Raquel Rodriguez admits playing soccer and attending college in the United States has been a dream come true, and on the field she has had quite the impact.

The freshman midfielder is fifth on the Penn State women’s soccer team in total points, tied for first in assists and was a unanimous Big Ten Freshman of the Year selection.

And to think, she was within hours of not coming here at all.

Rodriguez —“Rocky” as she is called by teammates — had been waiting most of the spring and summer to get official word from the NCAA that her credits were good to enroll in a U.S. college as an athlete and there were no improprieties. She didn’t get the approval she needed until fewer than 48 hours before she was scheduled to leave.

“Wow,” Rodriguez said of that midsummer afternoon. “That day I’ll remember forever.”

Nittany Lion soccer fans have been thankful for that day ever since, and another chance to see her on the field comes tonight in the second round of the NCAA Tournament. The top-seeded Lions (18-3-1) face Boston College (10-5-3) at 7:30 p.m. at Jeffrey Field, following a 5 p.m. contest between Michigan and Portland.

The native of Costa Rica has four goals and nine assists this season, and has played a major role despite being in her first season. She is fifth on the team in minutes played among position players, and she has the poise and thoughtfulness of a senior or someone even older.

Some of that comes from her on-field experience, having played on the under-17, under-20 and full national team for Costa Rica in the same year. She was with the national team at the regional qualifier for the Olympics last winter in Vancouver, Canada — where she saw snow for the first time — and has played against many of the world’s best.

“She’s so different, she’s so special,” head coach Erica Walsh said. “She’s played in more world cups, youth world cups, Olympics. You look at her resume, it’s unlike that of any other player in the college game. She’s got more experience than any of these players.”

Walsh still remembers the first time she saw Rodriguez play in Boca Raton, Fla., at a huge annual youth tournament that features the top players in the U.S. Walsh will be there again next week, regardless of whether the Nittany Lions advance to the national quarterfinals, and many of the current team members played in that tournament.

Walsh was watching a match that had current Nittany Lion freshman Mallory Weber on the Northern U.S. regional team facing the Costa Rican team when another midfielder caught her attention.

“There was this player in the middle of the midfield, and she was just better than anyone — by far,” Walsh said. “Then I realized she was 14 years old and physically she looked like she does now.”

Not long after, Rodriguez committed to Penn State, even though she never saw the campus. She and her family found pictures online, and Walsh made several videos of various events on campus.

By the time Rodriguez was playing in that tournament, she was already thinking she would be returning to the U.S. to play in college.

“Since I was a kid I wanted to come to the States, and play and study at the same time,” Rodriguez said. “I knew for sure I was going to come to the States, I just didn’t know what college. I took that step of faith.”

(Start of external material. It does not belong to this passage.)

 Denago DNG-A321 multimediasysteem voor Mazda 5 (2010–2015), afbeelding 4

But eventually, there were snags. The typical story was about her classes, and whether they met the NCAA’s standards, but also there was a misunderstanding about Rodriguez’s age at first — Walsh thought she was a year older — and whether Walsh had contacted Rodriguez too early.

“From there things got better and worse all at the same time,” Walsh said. “It was a classic case of NCAA challenges, transcripts and just a series of events.”

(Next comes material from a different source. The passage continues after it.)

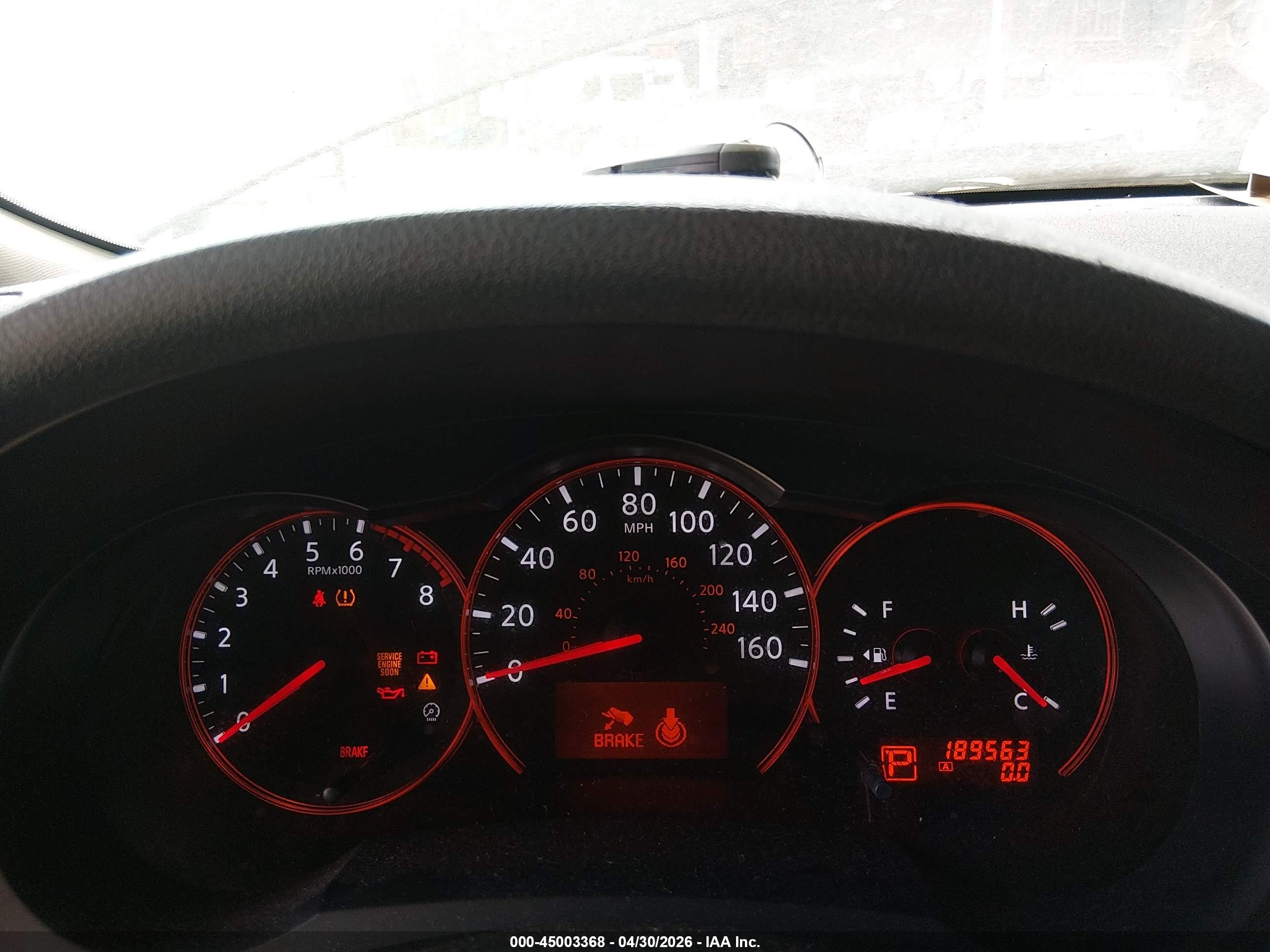 NISSAN ALTIMA image 7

Then came the waiting game, where days turned into weeks, and weeks turned into months. Rodriguez said her father had been depressed over the wait, and there was tension in her house over whether she would be leaving.

Walsh was also feeling it, and doing all she could to change things.

“She kept asking, ‘Should I be worried?’” Walsh said. “For months I said no, but as it got closer I said yes, and it was out of our hands. I contemplated flying to Indianapolis. I knew there was nothing I could do. I contemplated flying to Costa Rica, but it’s summertime. Nobody’s at work. It was the beginnings of an awful situation that would have led to her missing on an education.”

While her family had very little money to spare, they decided to take a chance. The deadline was nearing, practices were about to begin for the season and Rodriguez had to leave for America. She rolled the dice and bought a plane ticket.

“I thought my dream was not going to come true,” Rodriguez said. “I was just so frustrated.”

Late on a Friday afternoon, with her flight leaving on the following Sunday morning, the phone call she had anxiously been awaiting finally came – she was in.

“She can’t stop saying ‘Thank you,’” Walsh said. “I can’t stop thinking it should be the other way around.”

She says being away from home has been tough, and she doesn’t think her family will get to see her play here until next season, she hopes. But she at least has a place to be comfortable.

“Every time that I play soccer, its something I like so it’s something that keeps my mind on something that I like,” Rodriguez said. “It helps me to actually not think about home. It’s the only way for sure that I’ll have fun.”

It has been fun for the Nittany Lions, and worth all the toil and trouble to help Rodriguez chase her dream and get her education.

“I predict she will be a national player of the year before she graduates,” Walsh said. “She’s just in a different class.”